01 November 2014Australian Wine Annual 2015 - Giaconda Estate Shiraz 2012 (98 points)
Since 1999 Rick Kinzbrunner has been fashioning cutting-edge cool climate Australian shiraz. Fifteen years ago there weren’t too many Victorians making this variety into a style we perhaps more associate with the northern Rhône Valley, but Kinzbrunner has always drawn inspiration from the wines he most enjoys drinking. So until 2008, the only Shiraz from Giaconda was the deliciously perfumed, floral, spicy and savoury Warner Vineyard Shiraz, which has been continually sourced from a sloping, north-facing section of the Warner Vineyard, 6.5 km from Beechworth and located at a marginally cooler, higher site than that of the Giaconda Vineyard itself. For many years I have rated this as a 5-Star wine.
It took a long time for Kinzbrunner to plant shiraz at Giaconda, since for the first decade and a half at his Beechworth site he was more concerned at matching different parcels of the property with chardonnay, pinot noir and cabernet sauvignon. But the consistent quality from the Warner site convinced him that a warmer, north-facing plot at the top of the property was just the place to plant two acres of shiraz, with Hermitage well and truly in his sights. In itself this was a radical but confident decision, because Kinzbrunner initially chose the predominantly south-facing property to reduce the impact of heat on its elevated but still warmish location.

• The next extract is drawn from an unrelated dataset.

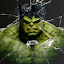 Hulk's user avatar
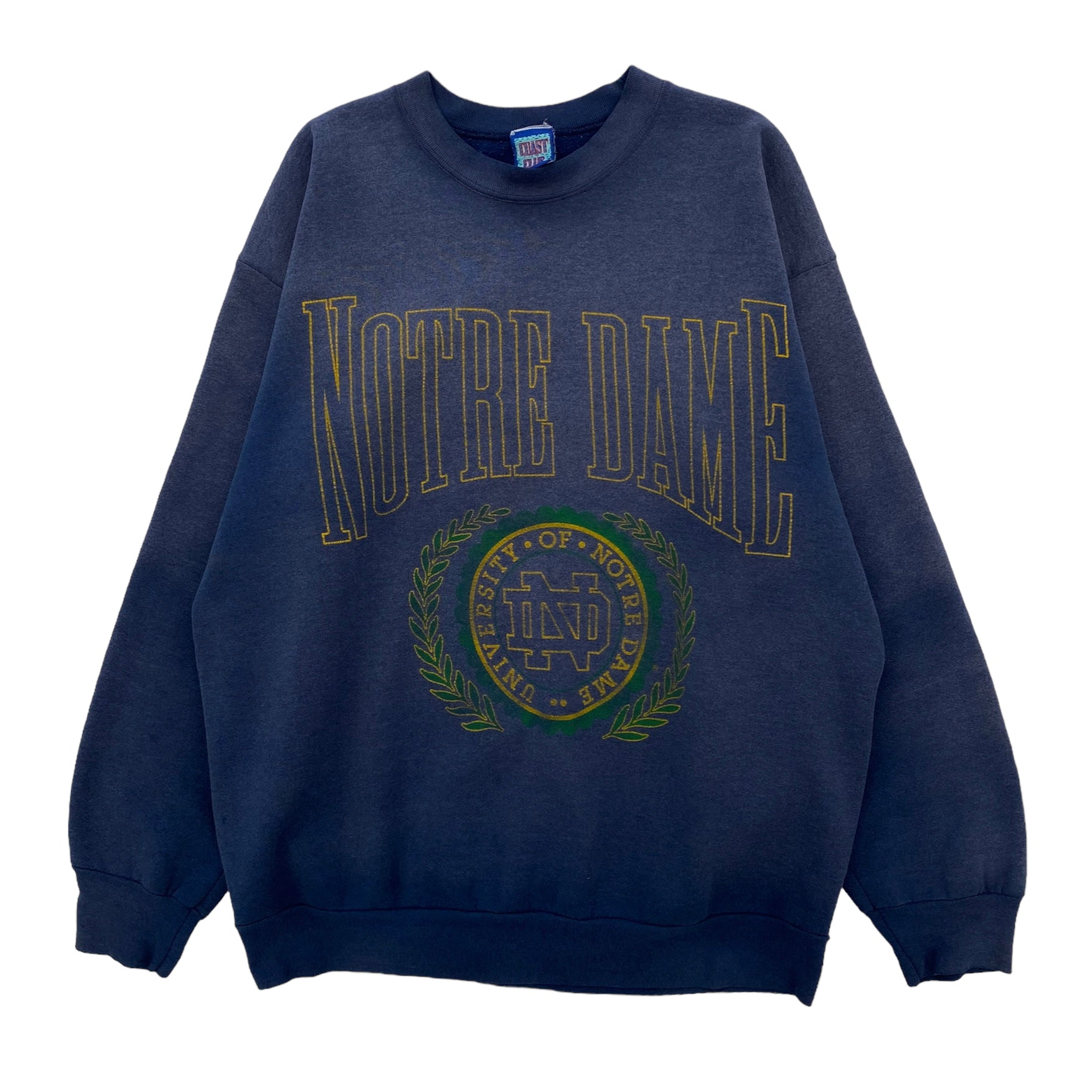 90s Notre Dame (XL)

Retarded by the extended drought of the first decade this century, the young shiraz vines struggled to develop and produce a crop, but in doing so dug their feet deep into the site’s granitic loam soils, which overlie decomposed gravel and clay. But when they came, the results were astonishing. The first wine from the new shiraz vines was the 2008 vintage, quickly affirming the site’s potential with what I described at the time as a ‘super Rhône’. It quickly revealed the layered, meaty and mineral attributes we now expect from the site. Kinzbrunner fine-tuned winemaking regimes for the next two vintages, exploring means by which to express the potential of the site’s terroir into anexpression of shiraz fit to rival the Rhône’s elite. Very closed and reductive in their youth, cloaked by layers of oak and tannin, the 2010 and 2011 releases delivered quality, but not enough to meet Kinzbrunner’s expectations, or even indeed the Warner Vineyard Shiraz in 2010. All that has changed with the 2012 vintage. Fermented in tank with a small proportion of viognier, it was matured in the mineshaft-like cellar under the Giaconda vineyard for 22 months inside French oak barrels, around a third of which were new. From its earliest days it looked special. Thankfully, it is safely into bottle for its real journey now to begin.
I like the fact that winemakers like Rick Kinzbrunner, Phillip Jones, Joe Grilli and Roman Bratasiuk are so honest and focused on their extraordinary ambitions. From the outset, Kinzbrunner started this project to make a wine worthy of the greatest sites of the northern Rhône, and he didn’t mind who he told about it. The clearest ambitions can carry with them the highest risk, but the risk can bring the reward.
In this case, the reward is a wine that does what Kinzbrunner has done before with chardonnay, and is also promising to do again with nebbiolo. It is taking the perceptions of what has been considered possible with Australian wine, spinning them about and exposing them for their shameful lack of imagination and inspiration. That’s what great winemakers do and why the Giaconda Estate Shiraz 2012 is such a worthy Wine of the Year.